Anurag Kapur - Reflections from QCon London 2015

This year was my first time at QCon, one of the leading software engineering conferences across the world. I felt the talks were mixed bag - some good ones and some not so good ones.

My favourite talk at the conference was “Service Architectures at Scale” by Randy Shoup (https://www.linkedin.com/in/randyshoup). He started by talking about Architecture Evolution with examples from engineering organisations like Google, Twitter, Amazon, eBay etc. Architecture at most of these places started as giant and hard to manage monolith or brittle hacks glued together. These then went through phases of refactoring to evolve into a solid set (in most cases, very large sets ~ 100s) of microservices, each bounded by a business context. Another important point made was that effective architecture comes from a decentralised, bottom-up approach. Centralised, top-down architecture, usually does not work.

What seems like very careful and elegant layering of collaborating services is also something that evolves over the period and was designed bottom-up.
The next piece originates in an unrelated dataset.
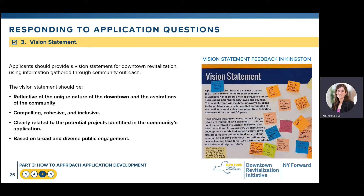The vision statement is critical to setting the direction for the DRI or New York Forward area. It's very important that the vision statement be developed based on information gathered through community outreach — it should not be developed by one person sitting in an office, but should reflect what the community wants to see for its future. The vision statement should reflect the unique nature of the downtown, the long-term aspirations of the community, and should be cohesive and inclusive, taking into account all attributes that create a successful downtown. Any potential projects identified in the application should clearly relate back to and support this vision statement.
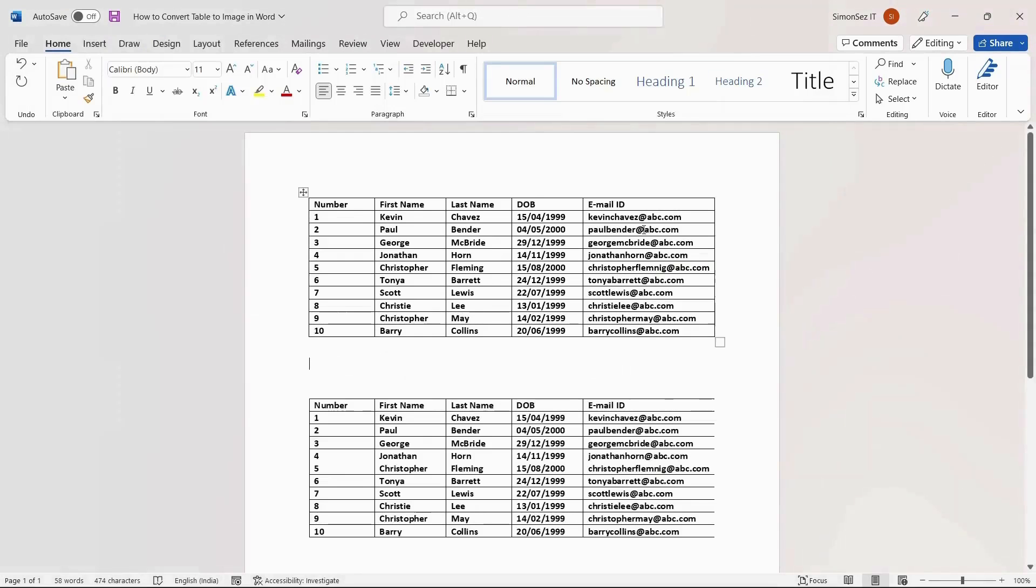Converting a Word table to an image has advantages of its own. In this video, we saw two easy ways to save a Word table as an image.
An example of Google Service Layering is used to explain this idea. Each of the below (from left to right) is built over the layer beneath:

Cloud Store (NoSQL service) > Megastore (Geo-scaled - multi DC in a region structured DB) > Bigtable (DC level structured storage) > Colossus (Current generation of Google File System) > Borg (Google Cluster Management Platform)

Architecture evolves. Even the likes of Google, Twitter, Amazon don’t usually get it right the first time. So don’t try to nail it and get it perfect in the first iteration.

Randy then moves on to explore whether the whole idea of decentralised bottom up design is “architecture without an Architect”? He says, it kind of is! He goes on to highlight that there is no role or title at Google with the word “Architect” in it (and here I was going la-la about my recent promotion to the role of a Technical Architect!). An architecture style that is effective, even without a central governing body is one that asks the right questions and encourages teams to think about operational and other requirements they may forget otherwise. Simple way of achieving this could be a checklist saying - “did you think about x”, “what would happen when y goes down” etc etc. A good architect suggests and channels the teams into the right direction by getting teams to think about all important aspects of both development and operational sustenance of services they own.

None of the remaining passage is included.